Low wages and a spiralling cost of living are threatening the future of full-time professional orchestras, the Musicians’ Union has warned.
The announcement, timed to coincide with the 110th Last Night of the Proms, follows the publication of a specially commissioned report by arts development organisation The Hub. All musicians under contract with UK orchestras were polled between June and July and an estimated one in five responded.
The survey found that, on average, respondents had been professional for 21 years and earned £22,500 per annum. Those who have siblings working in other professions within five years of their age earned an average of £46,000. The report also revealed 86% of respondents have to take on other work, with 50% of those saying the amount of non-orchestral work had increased in the last three years.
MU orchestral organiser Bill Kerr said: “In dealing with our orchestral musicians first hand, I see the frustration caused by low levels of earnings. In addition to the high cost of providing instruments, equipment and clothing, orchestral musicians have to bear the additional burden of sourcing expensive childcare during anti-social hours.

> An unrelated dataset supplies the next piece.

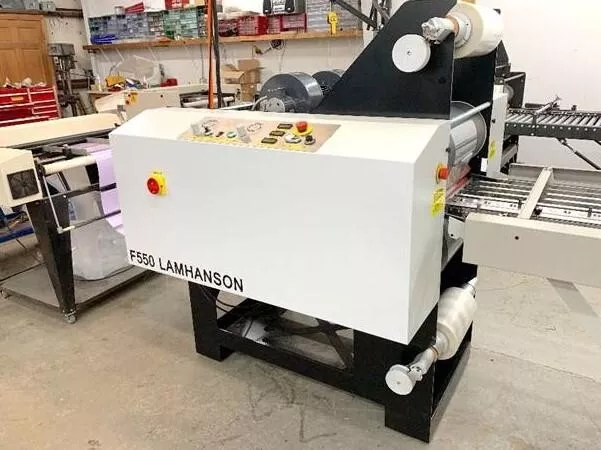 LAMHANSON S550 20" high speed Laminator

“The stakeholders in our orchestral future – the MU, the Association of British Orchestras, the funders and the sponsors – must find a way to improve the pay and conditions of musicians who work in this most vital and important part of our cultural heritage.”
MU general secretary John Smith acknowledged the work the ABO and Arts Council England had tried to do to address the problems musicians faced.
Director of music at the arts council Hilary Boulding said: “Orchestras are in a significantly better position than they were four years ago as a sector.
“Many of them have extended their base and range of work they are doing. There is a real buoyancy in the sector.”